Corning announced a multiyear supply agreement with Nvidia and raised its long-term outlook, now targeting a $20 billion annualized sales run rate exiting 2026 and $40 billion by 2030 in its internal plan. It also plans to expand U.S. optical connectivity manufacturing 10-fold, boost fiber capacity 50%, and build three new plants, supported by Nvidia warrants worth up to 18 million shares, or about 2% dilution. Shares jumped roughly 14% on the news, and the author raised the price target to $200 from $180.

Analysis

GLW is becoming the cleanest public-market expression of the AI interconnect bottleneck: the spend is shifting from “more chips” to “making chips talk to each other” as cluster sizes and rack density rise. That transition matters because optics has a much longer runway than the initial GPU cycle; once a hyperscaler qualifies a supplier into a multi-year buildout, the revenue stream becomes tied to deployment cadence rather than spot demand. The Nvidia relationship also reduces the biggest bear case on GLW — that capacity could outrun end-demand — by effectively pre-committing a buyer and lowering the probability of a demand air pocket.

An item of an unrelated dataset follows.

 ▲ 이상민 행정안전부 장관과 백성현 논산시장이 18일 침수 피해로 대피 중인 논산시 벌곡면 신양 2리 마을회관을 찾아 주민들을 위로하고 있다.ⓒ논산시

The second-order implication is not just GLW upside, but relative pressure on copper-exposed interconnect vendors and on any optics supplier without strategic customer lock-in. If optical scale-up adoption accelerates over the next 12-36 months, the winners will be the names with manufacturing scale, domestic footprint, and embedded design wins; smaller peers may see order-share volatility despite the same thematic tailwind. This also reinforces a broader capex loop: hyperscalers are likely to keep spending into infrastructure because the bottleneck is moving up the stack faster than depreciation can catch up. The main risk is timing, not thesis. The market is likely to over-earn the 2025-26 narrative and under-earn the 2028-30 path; any delay in optical scale-up adoption, customer qualification slippage, or capex digestion could compress the multiple before the longer-dated economics show up. That said, the presence of structured customer commitments meaningfully lowers left-tail risk, so the appropriate contrarian stance is not to fade the secular trend, but to expect volatility around execution milestones and new capacity ramps.